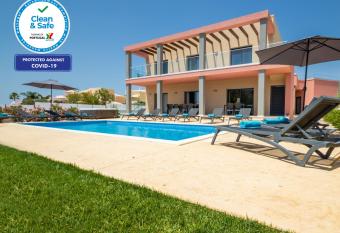 Villa Riviera by Algarve Vacation allows 18 year olds to book a room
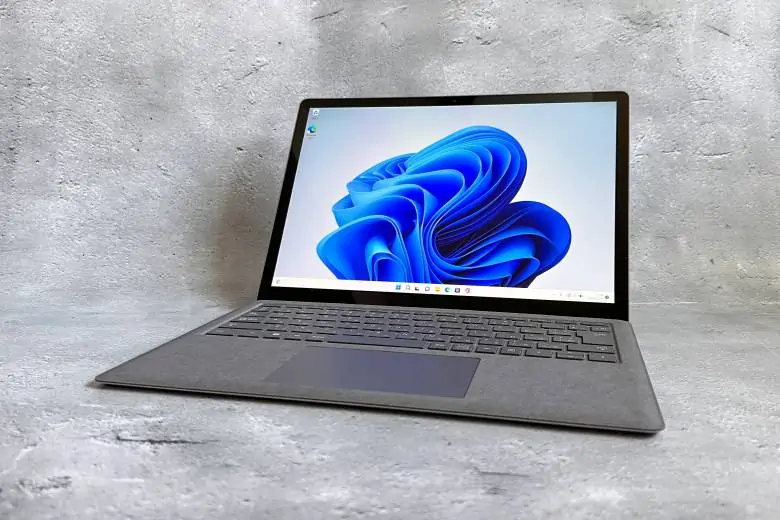 Surface Laptop 5 13.5インチをレビュー！高解像・高品質かつデザイン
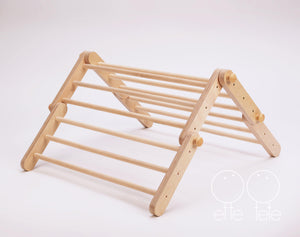 Ette Tete Modifiable Climbing frame Mopitri, inspired by Emi Pikler - Isaac’s Treasures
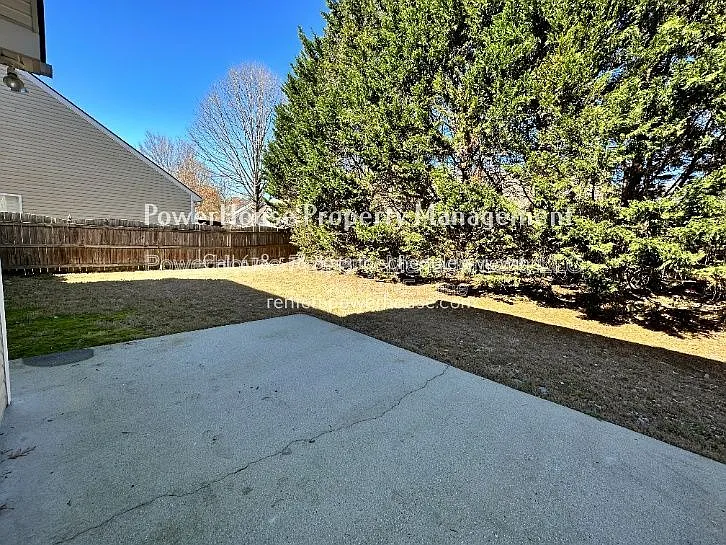 2403 Walnut Tree Ln — Photo 46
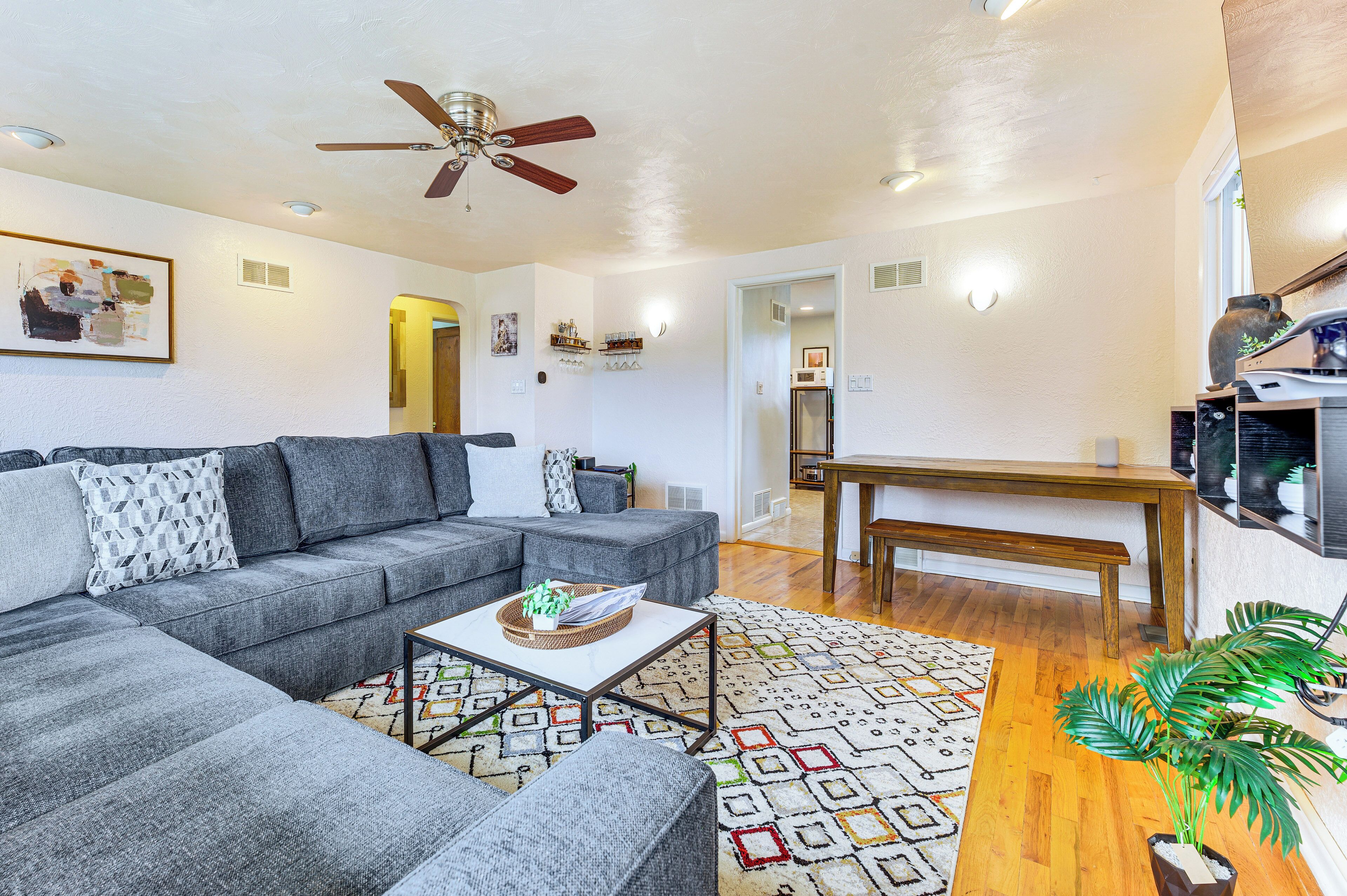 House (2 Bedrooms) | Interior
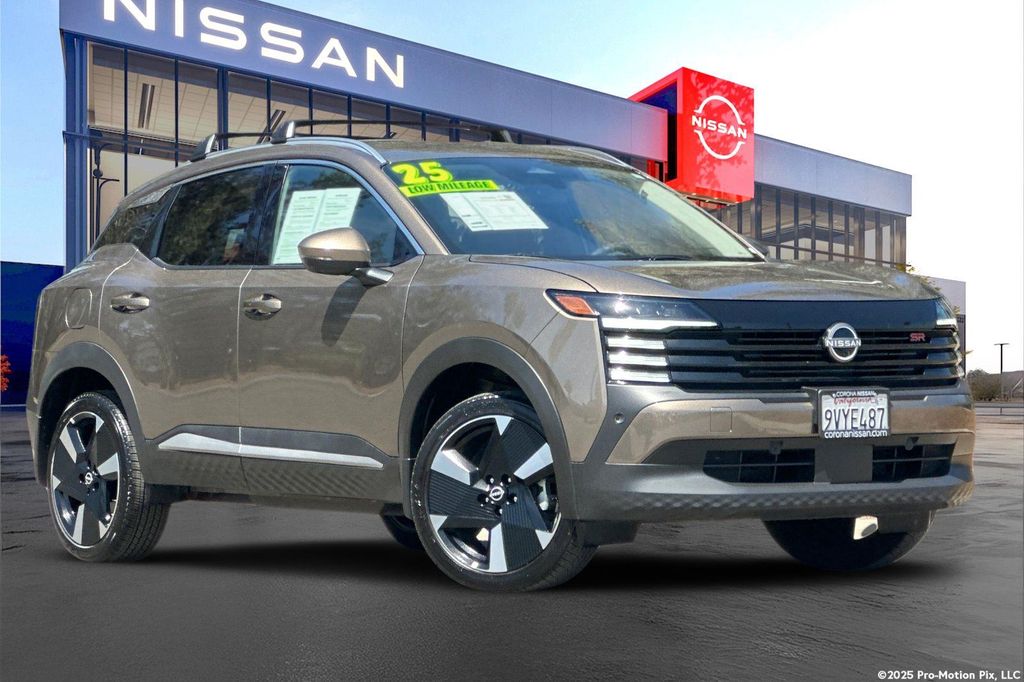 2025 Nissan Kicks 2.0 SR's photo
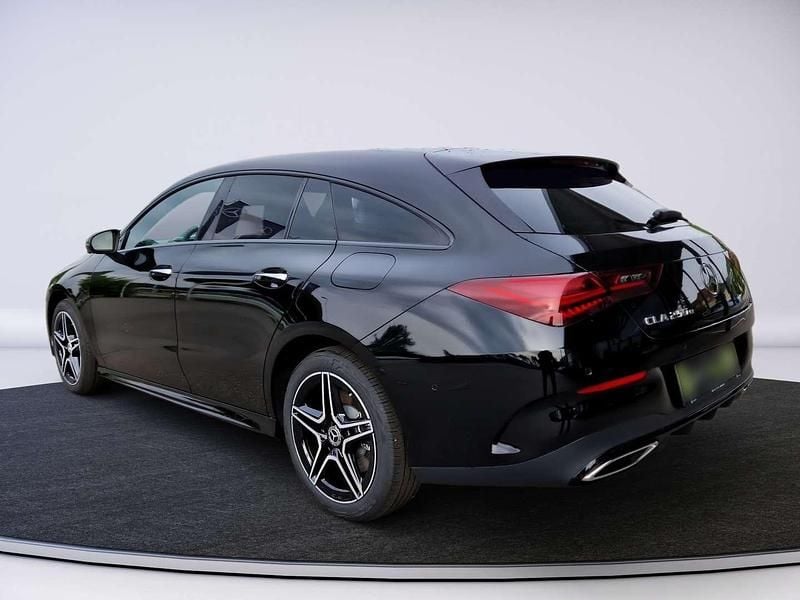 Gebraucht Mercedes CLA250e Shooting Brake AMG line 163 PS (119 kW) 2024 Schwarz Kombi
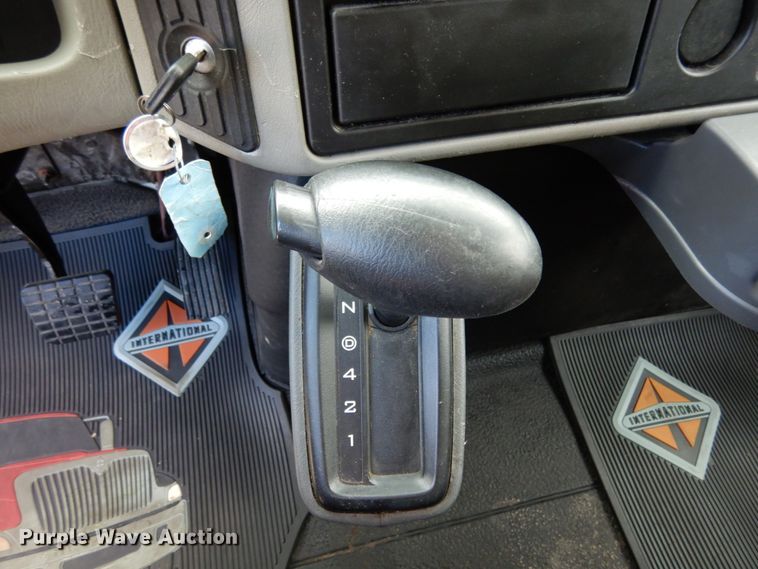 image for item JI9407 2013 International 4300  box truck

* * *

> [About this task]: Copy the records exactly, minus any pictures.

> [Written solution]:
 Villa Riviera by Algarve Vacation allows 18 year olds to book a room
 Surface Laptop 5 13.5インチをレビュー！高解像・高品質かつデザイン
 Ette Tete Modifiable Climbing frame Mopitri, inspired by Emi Pikler - Isaac’s Treasures
 2403 Walnut Tree Ln — Photo 46
 House (2 Bedrooms) | Interior
 2025 Nissan Kicks 2.0 SR's photo
 Gebraucht Mercedes CLA250e Shooting Brake AMG line 163 PS (119 kW) 2024 Schwarz Kombi
 image for item JI9407 2013 International 4300  box truck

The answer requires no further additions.